Producer Michael Reilly’s voiceover locates rawness, emotional release, and “real religion” in the sound of black voices, in no small part because the video places his measured Yankee pacing in sonic tension with the song that accompanies it, Mary Moore singing “When the Gates Swing Open.” Over Moore’s impassioned singing, Reilly assures listeners in a muted deadpan that they will hear “no pretty piano playing or clever guitar picking, just voices. Pure soul stirring fire from the heart.” Reilly’s sentiments not only evoke the gushing Jubilee Singers’ press, but also the ethos of the infamous folklorist John Lomax, who made field recordings in Southern prisons in the 1930s because he sought “negro singers untainted by white musical conventions” (as he wrote in 1934’s “Sinful Songs of the Southern Negro”); singers in Como were actually recorded by John’s son Alan in the 1940s. Reilly’s voiceover goes on to frame the Como singers as practitioners of what the senior Lomax called “the real art of simplicity,” as stripped-down, natural singers who are artful mainly in their artlessness. While Reilly’s webcopy mentions how “children and grown folks alike have been living and breathing gospel for as long as they can remember,” for example, he fails to mention how the residents of Como have also been writing, rehearsing, and performing it.
Thus, Como Now’s marketing disavows the real artistry of the Como singers, even as it seeks to celebrate it. The simple, natural quality endowed to the singers of Como is visually accentuated by stark imagery representing the town as a down-at-the-heels, living museum of the black life of yesteryear. In the youtube clip, Moore’s soaring and spirited singing animates stills of blooming cotton fields, vintage RCA microphones, and splintering upright pianos. Save for the album cover and one blurry still of a child, there are no shots of the people of Como in the introductory promo, effectively isolating Moore’s voice from her corporeal and historical body. This isolation allows listeners to supply their own fantastic imagery and forces them to rely on historical stereotypes about the naturally sonic qualities of black people. By choosing to disembody Como’s voices, the promotional video represents the album’s music as emanating from, and even haunting, Panola County’s lush green fields and battered strip-malls rather than showing it to be a hard-fought creation of the residents themselves. To quote Lomax again: “[The Negro’s] songs burst from him, when in his own environment, as naturally as those of a bird amid its native trees.”

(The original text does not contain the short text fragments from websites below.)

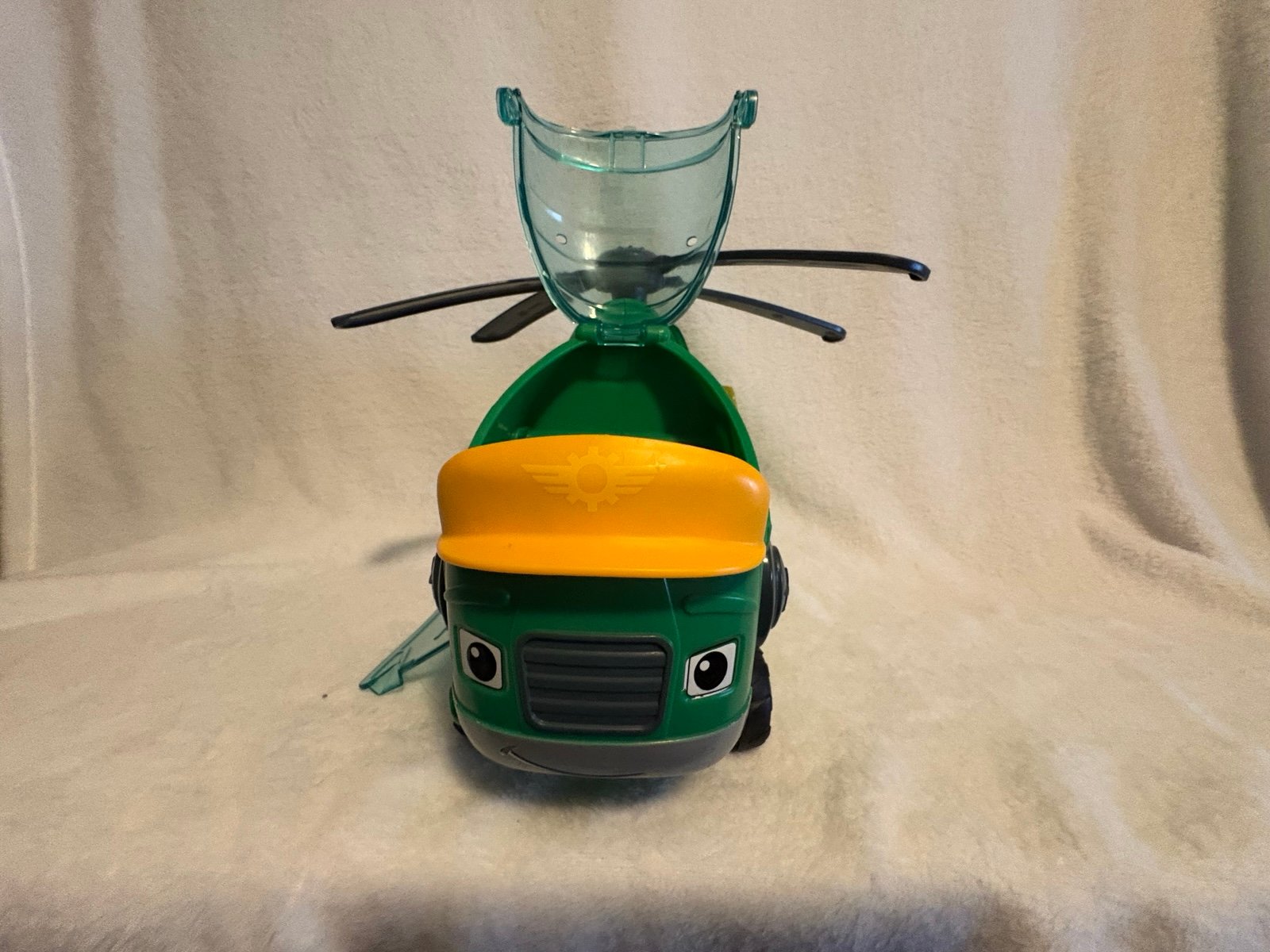 Blaze and the Monster Machines Helicopter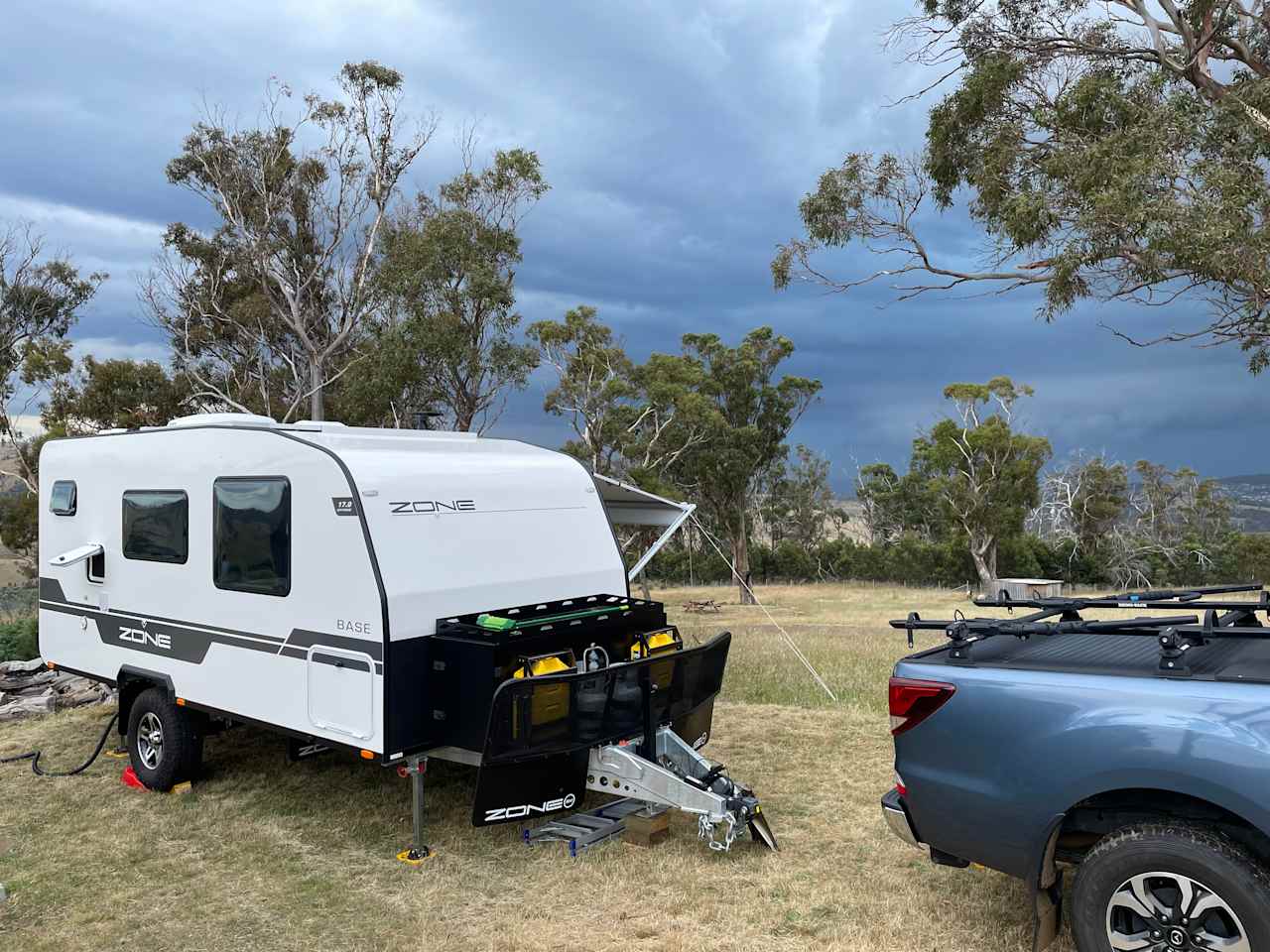 Bomana - Bushland Delight with Breathtaking Views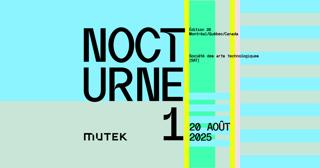 Mutek - Nocturne 1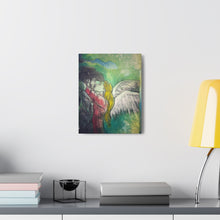 Load image into Gallery viewer, Kissed by an Angel - Canvas Gallery Wraps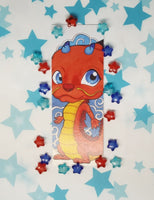 Mushu Bookmark Marcapáginas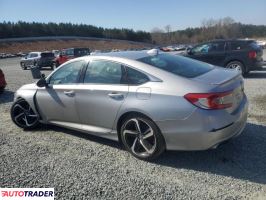 Honda Accord 2020 1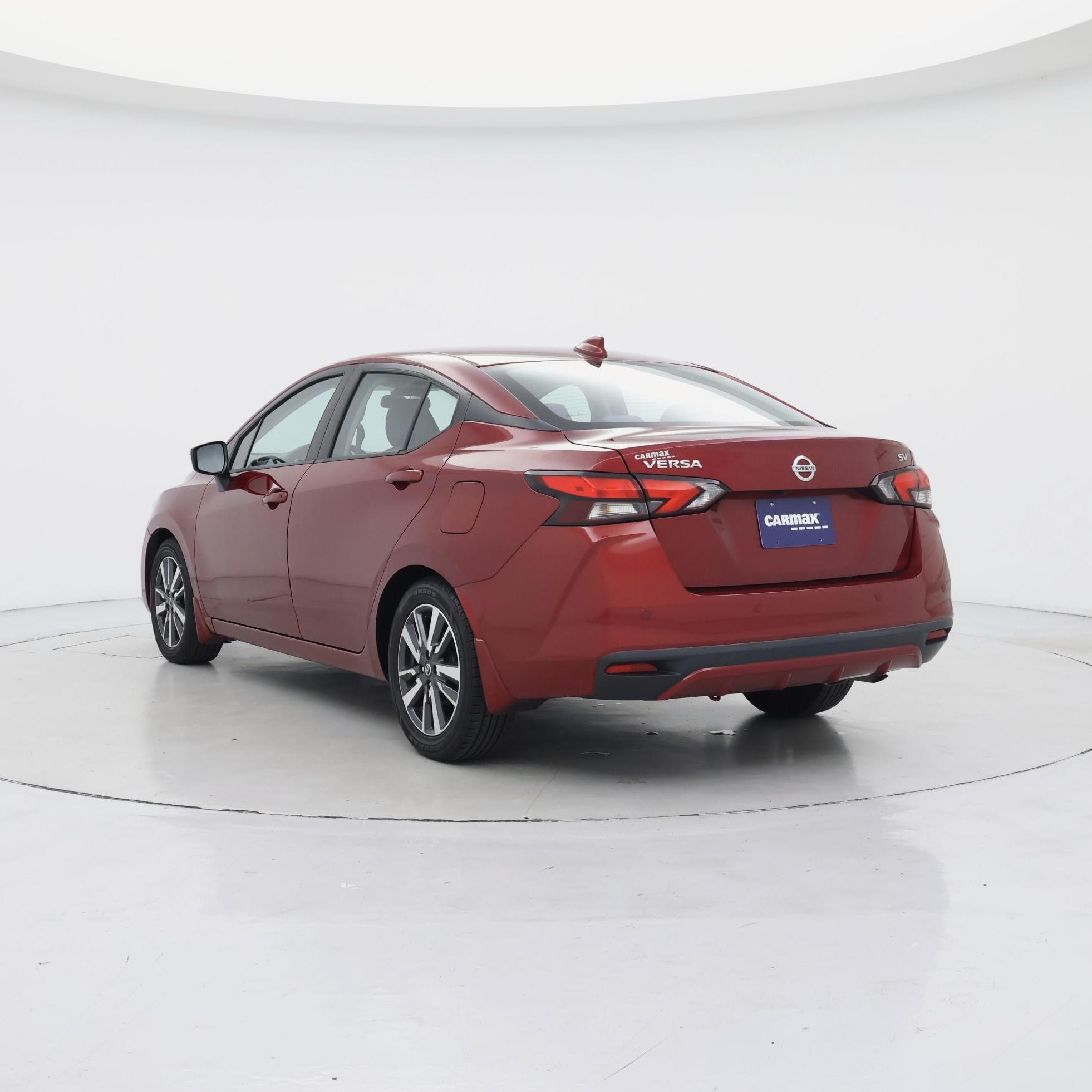 Thumbnail: 2021 Nissan Versa - 2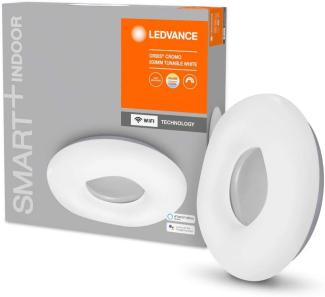 LEDVANCE Smart+ Ceiling Cromo white + chrome CCT WIFI APP 5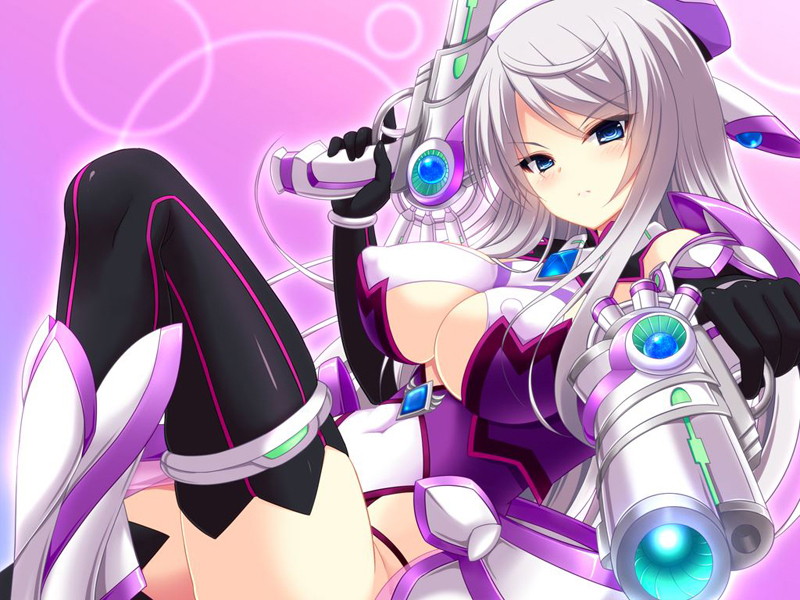 魔法少女ミハル 異種姦受胎・永久ループ 画像4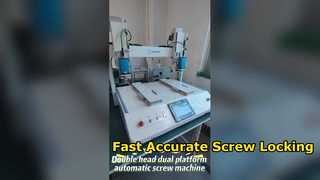 Automatyczna maszyna do zamykania śrubą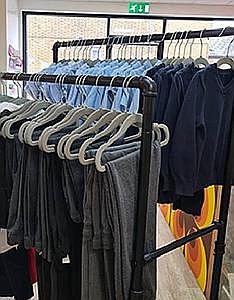 MIDNIGHT DARK BLUE PANT SIZE 34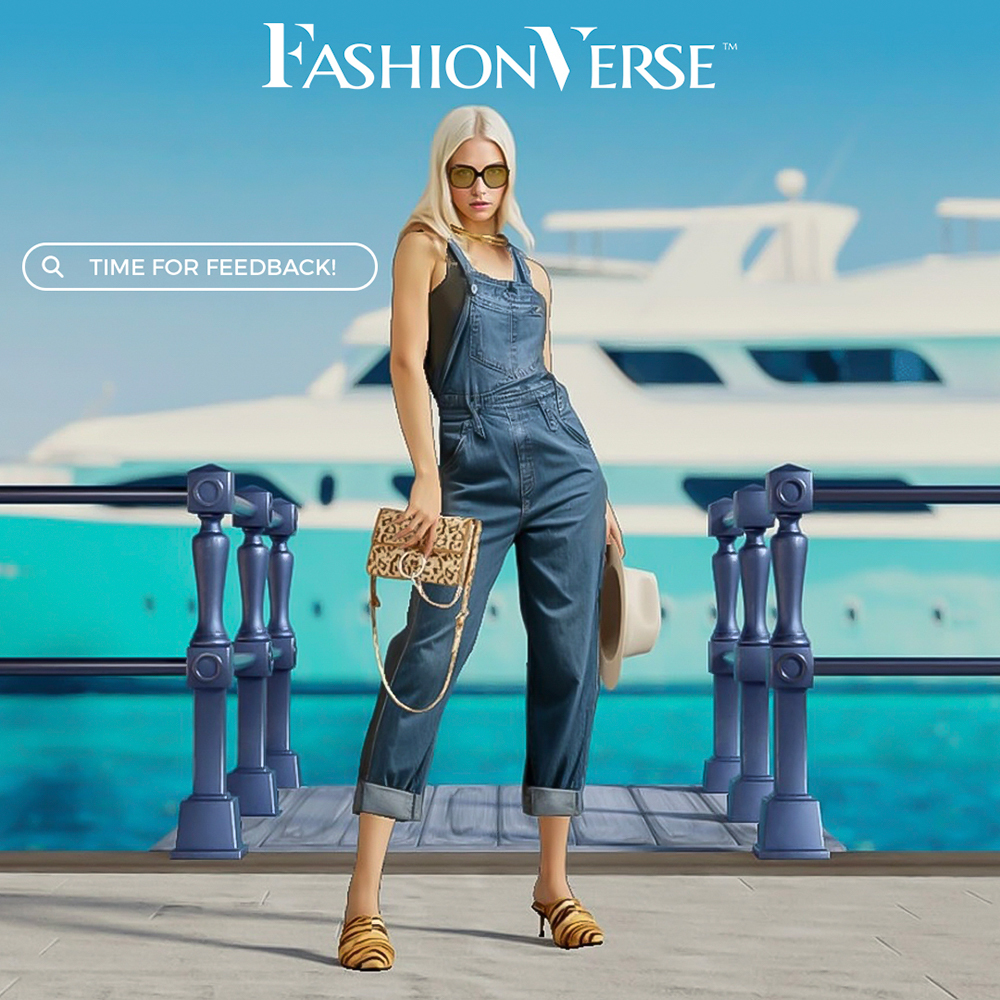Tommy Hilfiger ứng dụng công nghệ AI vào game thời trang Fashionverse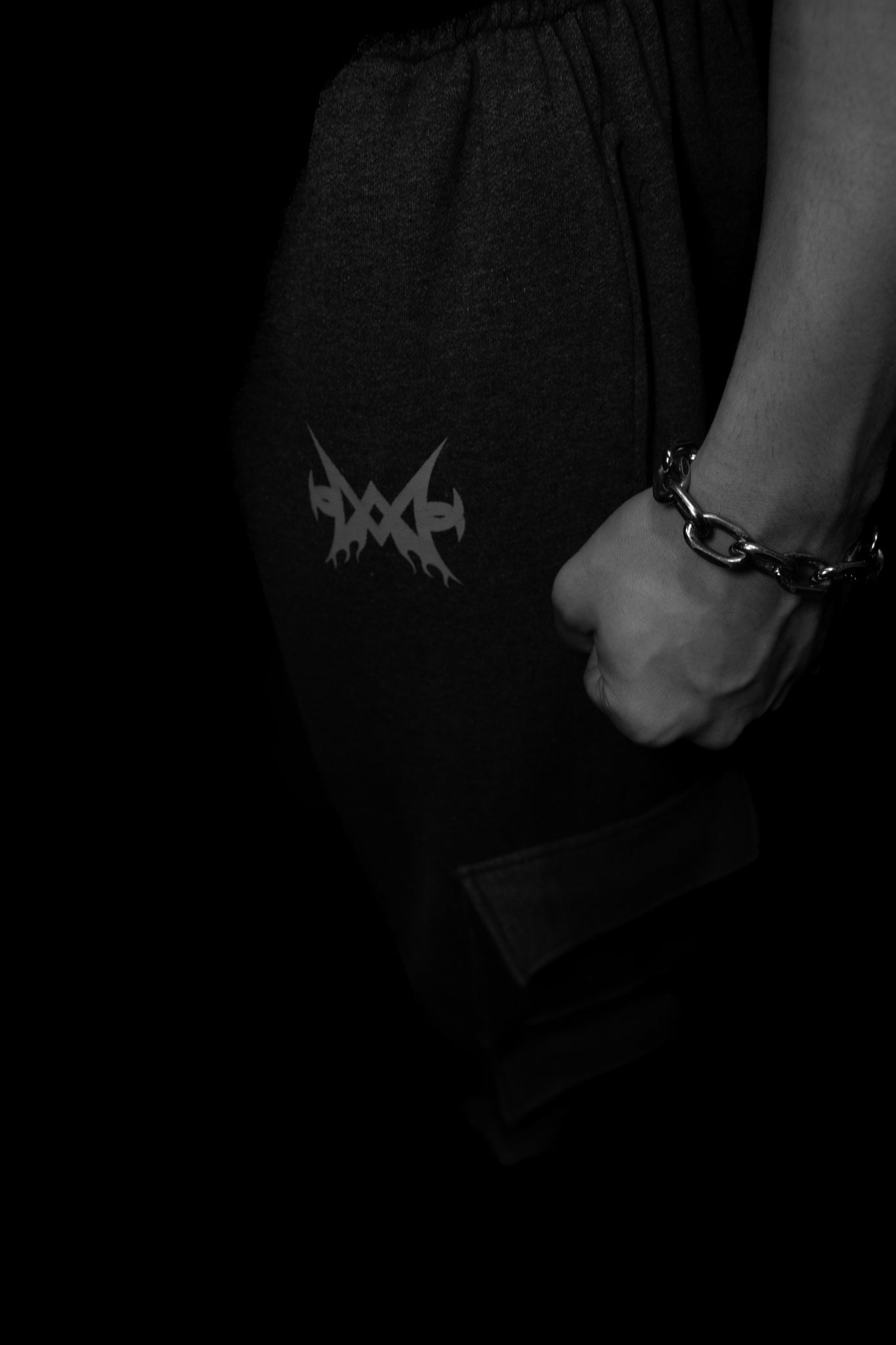 Calça Cargo Premium Moletom - MM Basic Drop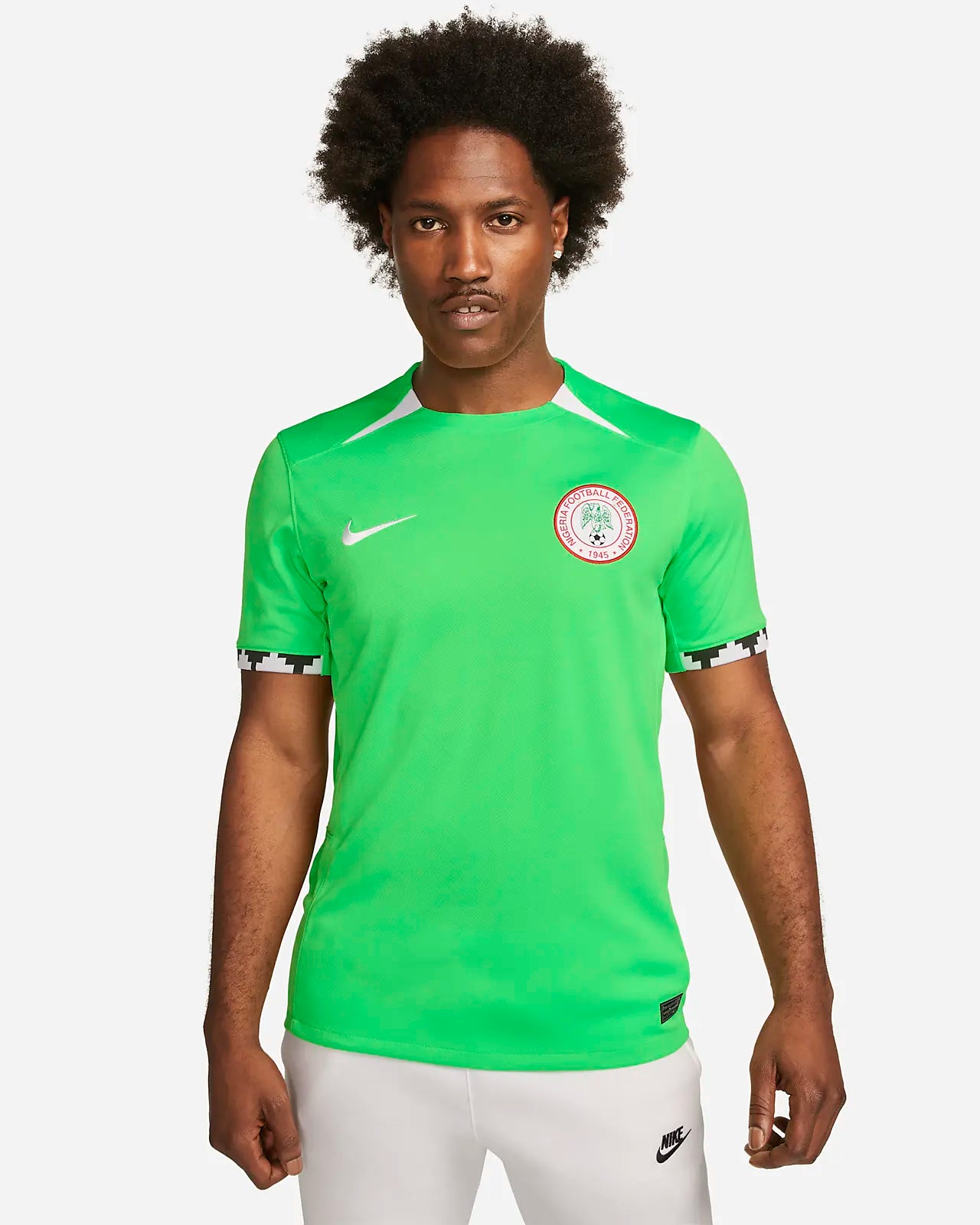 Nigeria Home Shirt 2023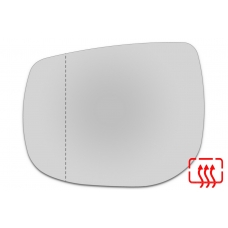 Рем комплект зеркала левый SUBARU XV II с 2017 по год выпуска, асферика нейтральный с обогревом 88701786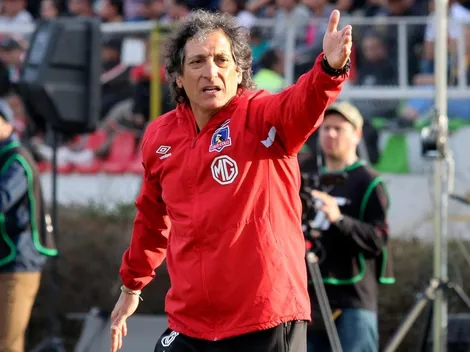 El gran dolor de cabeza de Mario Salas en Colo Colo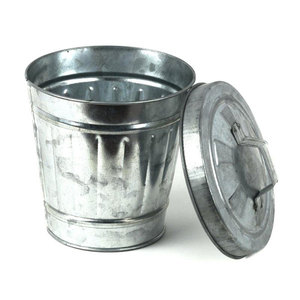 ถังขยะอะลูมิเนียมทนทานสำหรับใช้ในที่อยู่อาศัยและเชิงพาณิชย์ - Product Image 6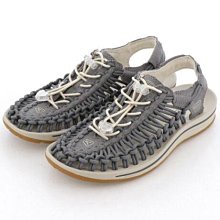 KEEN UNEEK 涼鞋 橄欖綠/白 (1026872) 女款 歷史價格詳細信息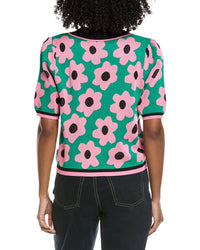 Nanette Nanette Lepore Polo Sweater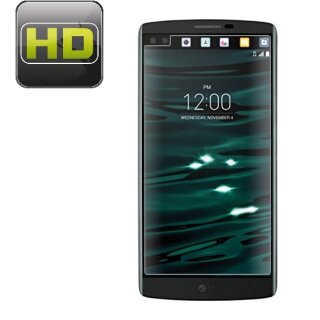 4x Displayschutzfolie für LG V10 Displayfolie Displayschutz HD ULTRA KLAR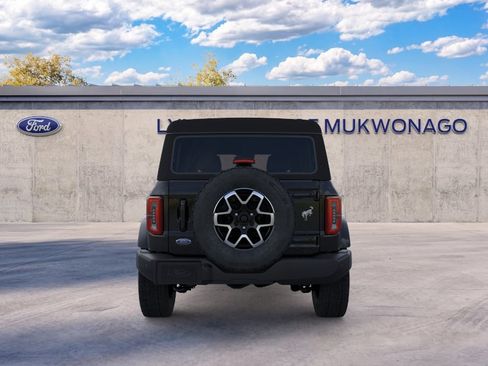 New 2025 Ford Bronco Outer Banks AWD/4WD image 5
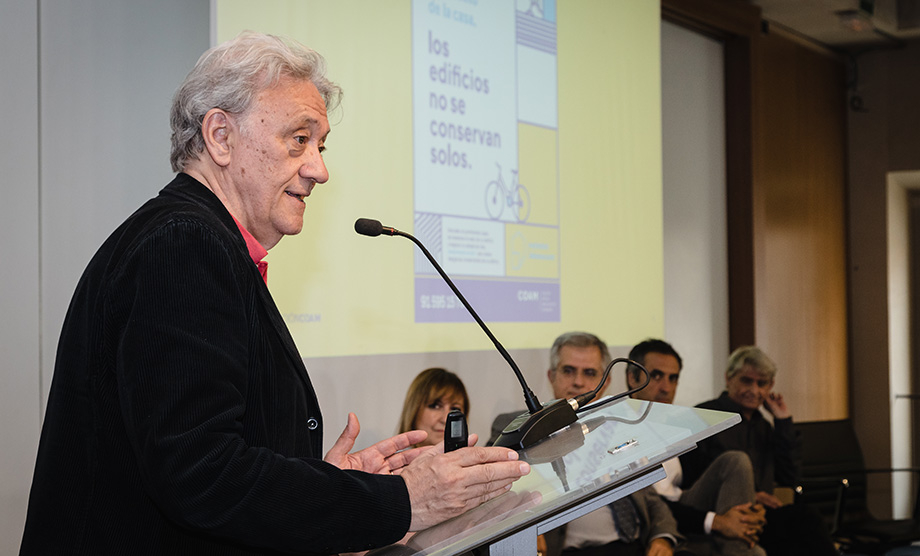 En mi edificio tenemos Arquitecto de la Casa - Jornada técnica (2)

Although the impulse to make the album reflects a progressive desire to respectfully pay tribute to the black gospel tradition in American popular music—and to provide quality artists like The Como Mamas with critical renown and monetary compensation—Como Now relies on well-worn racial tropes to do so. It also points to the continued presence in American culture of an essentialized “black voice” that is naturalized as more emotive, truthful, and soulful than other voices. While this phenomena is socially constructed and the sounds thought of as “black” have shifted considerably—when I play early recordings of the Jubilee Singers my students consistently tell me that they sound “white” like a “glee club”—I find it fascinating that the language used to describe them has largely remained the same. While Como Now’s producer at least acknowledges that, in Como, “no one has to pick up cotton anymore, thankfully,” the marketing trades on the possibility that, while slavery and sharecropping have ended, its sonic labors have not only endured, but are readily available for download.